Sunday, February 22, 2015

240 787 Delivered It's Reorder Time

Back in the day, about two years ago, "Winging It", predicted 2015 as a 787 reorder resurgence. One reason is for the extinction of glitches. A second reason is the reduction of the 787 order book. The 787-8 is 50% delivered in just three years. Another three years the 787-8 will be completely open for airline fleet expansions, within an airlines five year plan.. What Boeing has is production slots available for the 787-8 in reasonable fashion. One Airline who sits on its heals can option in rather quickly, when it identifies its fleet expansion opportunities. It sits just outside the China market. It is centered within the Asia region. The 787 design is a handmade design for the region. Who is it?

Better question:

Does Qantas have the nerve? If they do they need to convert its 787-8 options into a game changing order sooner rather than later, because Boeing has gone over the manufacturing hump. Boeing no longer has the supply chain uncertainty, nor does the errant battery problem come into any sales meeting conversations. Its main selling point is 20% better fuel, and it really works as advertised. You the buyer get to pick the colors. Qantas should not, or better stated, "will not" drop the ball unless they really want to remain an Icon of Australia's past, but it is not a standard in the world of travel. Unless Qantas has a big vision!

Qantas has:

Criky: 

Qantas versus Growth revives aviation-trade policy issues

"The key to that good news could be a decision to exercise some of the bargain priced options it has held since late 2005, when it first ordered or optioned up to 115 Boeing 787 Dreamliners."

"At the moment one of the key disadvantages for a “little” or “cautious” Qantas, no matter the quality of those arguments, is that Qantas is seen in trade and tourism quarters as attempting to stand in the way of this growth, saying “Not until I’m ready”."

The problem here is whether Qantas is a serious player in this moment of aviation history. Do they risk profits from lower fuel prices on a fleet full of the 787's?

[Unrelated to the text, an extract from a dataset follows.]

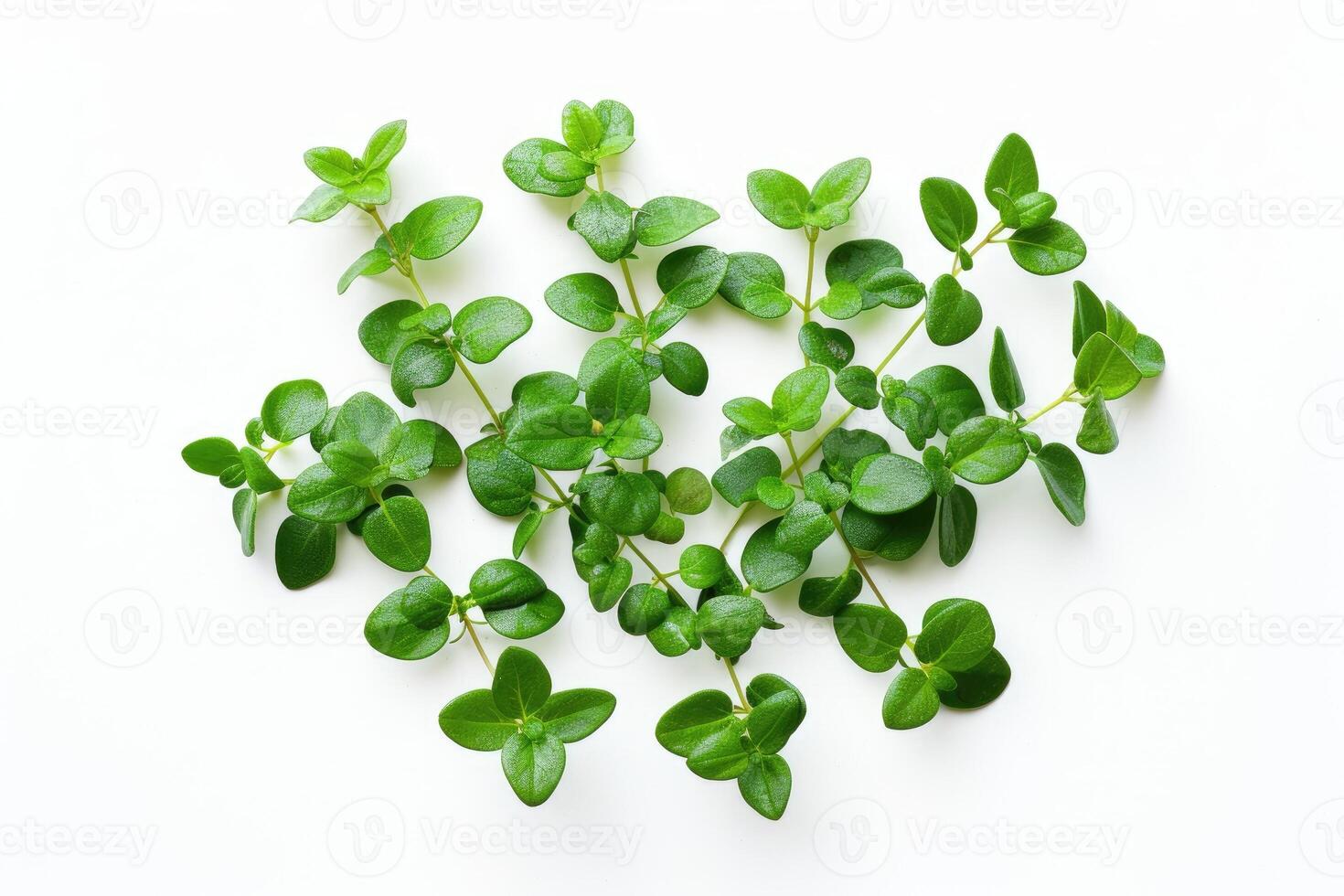 AI generated Agathosma betulina plant  Buchu plant  on a white background. photo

They obviously don't have those 115 on paper anymore, but do have a sizable chunk with Boeing's sales options. Just like a crime drama on TV its all about mode, means and opportunity before pulling the trigger on an order. Qantas has the means and the opportunity, but are they not motivated, or just scared to pick the phone up and ask for a meeting with Boeing sales department?

I "think" , they are ready during 2015 for making a move. The stars have aligned as risk on the 787 has abated. The performance numbers have been substantiated. Everybody says 20% less fuel needed for every NM flown. Qantas needs a mixed bag of tricks with the half and half order of 25 787-8s and 25 787-9 and maybe 10 more 787-10's. This will certainly make Qantas a force in the region. They can start receiving aircraft in five years. They actually need an order placement or they will slide further down the airline final approach slope in its history.

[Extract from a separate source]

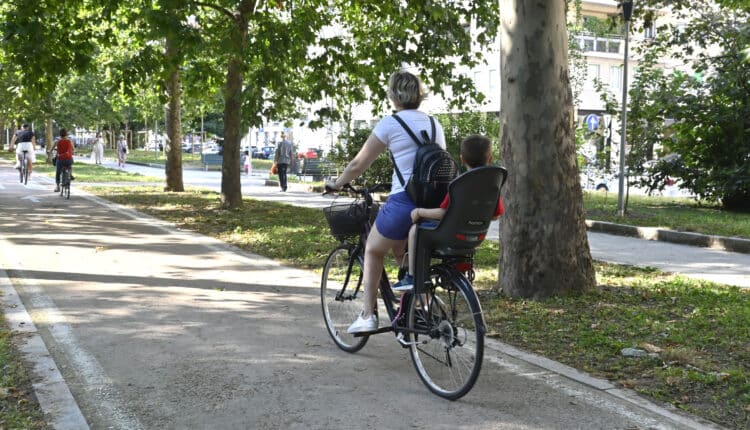 Milano: 2,5 Km di percorsi ciclabili su Corso Sempione, l'assessora Censi: "Intervento che rappresenta il modello di città che vogliamo" 2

A change is in process for Qantas. Status quo doesn't work at this point. Even though they have the order placement reserved or "the means", and they have the opportunity of Boeing backlog shrinking. They just lack a motive or in this case the courage to join the Big Boys of the airline travel industry at a critical time. Waiting for any tailwind will have competitors landing in the region in numbers before Qantas can recover the market. If Qantas waits out on narrowing the risk and reward band they will become a Pan Am sentiment for National Geographic pictures. Qantas has the aircraft in view and it has the plan in hand, but it lacks the fortitude or a belief in its abilities and contains fears of failure. So will they cautiously consider more 787 without confidence in itself, as the world flies by and swoops in on another final approach, but with a different livery than Qantas?